Pan-Slavic and Pan-Arab groups have likewise failed. People like their ethnic
differences as much as they like borrowing the best from others. Smooth the
edges but don't change the core.

answers to previous questions raised by Gus Gyaki and your editor in last

I can supply some 'solution' to both of your questions. Gerry, the deck of
cards you picked up, was, what we call in Hungary the Magyar deck, or in
Germany the German deck!:-) It consist of four 'colors' and eight cards per
color, for a total of 32. All sorts of games exist for this set and I had to
inquire from my Hungarian friends to find out how we played the 'zsiros'!
(Have to be close to 50 years I haven't played it!!:-))

Basically the zsiros is a kids' game, but most adults remember it very well
... since on cold winter afternoons everybody played it for hours! Four
players can play it and after shuffling the cards four will be distributed to
each. The rest goes - face down - in the middle of the table. The ace and the
ten (Roman numerals represent the seven, eight, nine and ten. Then comes alsó
[lower], felsõ [upper], király [king] and ász [ace].), are the only cards
worth ten points each (zsiros [i.e. fat]), but the seven will take any card.
So total point win for the winner will be 80 - if he/she gets all the

One person starts by playing a card from his/her hand, face up. Everybody in
turn must play a card. Only a matching card will take the deck - or a seven
of course - and the cards go down in front of the winner on the table (if
everybody has an eight, and the starter played an eight the last eight played
will take it). If one does not have a matching card anything can be
discarded, but you can't take that round. And of course you hold on to your
zsiros cards to try to save them for yourself - or if there is a partnership
established (opposing player) - than for the partner.

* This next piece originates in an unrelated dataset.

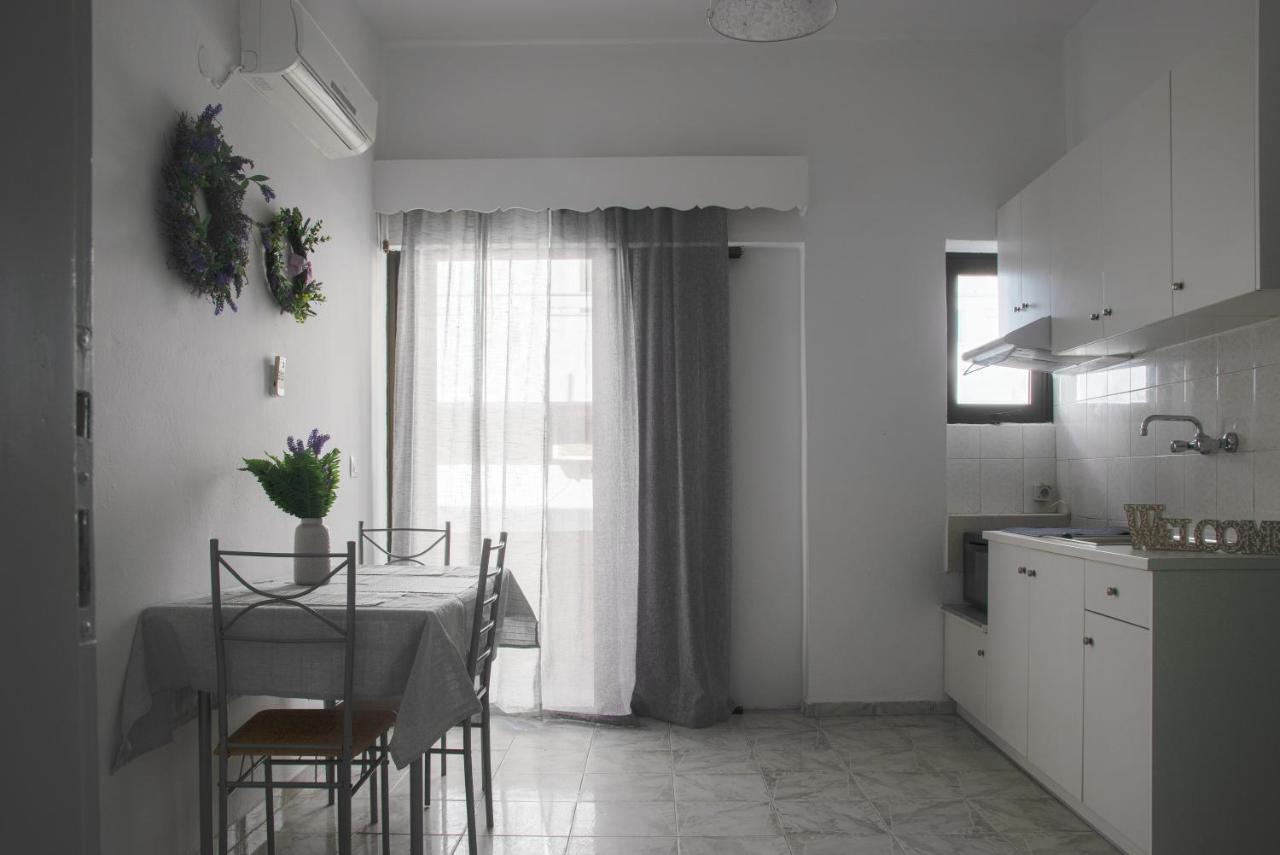Appartement Le_mare à Amoudara Lasithiou Extérieur photo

After each round everybody draws a card from the middle deck, and plays
another round - until all the cards have been played. Each person counts up
the points won from the rounds and the winner will be the one with the most

As I said: does not take a rocket scientist to play this game; not much
strategy involved, but provides a lot of fun. You can put money on the points
or play it for 'bunkó', i.e. just plain fun by putting a big black circle by
the loser's name. Joe, Equinunk, PA - USA

(Ed. Note: Anna Kresh found a web site which covers card games. She also
forwarded the rules for he Hungarian game Zsírozás. Contact her if you wish
to receive a copy.)


The Ellis Island immigration & naturalization ship records available from <
ellisislandrecords.com> are becoming easier to access, but difficult during
peak hours. I started at 2:00 PM one morning with much success. Fritz
Königshofer says "that is not a "Christian" hour to be working!" and he plans
to wait until the traffic dies down. I couldn't wait and I've found all but
one immigrant ancestor and this is probably due to a phonetic spelling. My
previous suggestion to try all possible spellings is a must. My umlauted
names (Mühl) were entered as Muhl. Other members tell me of erroneous
spellings under which they found records.

Most village names are spelled phonetically-don't be misled. I found second
class passengers listed in the ship's manifest. Last issue I said they
weren't included. Now I must track those other people with family names who I
don't recognize. Just who were all these other Bergholds and Sorgers?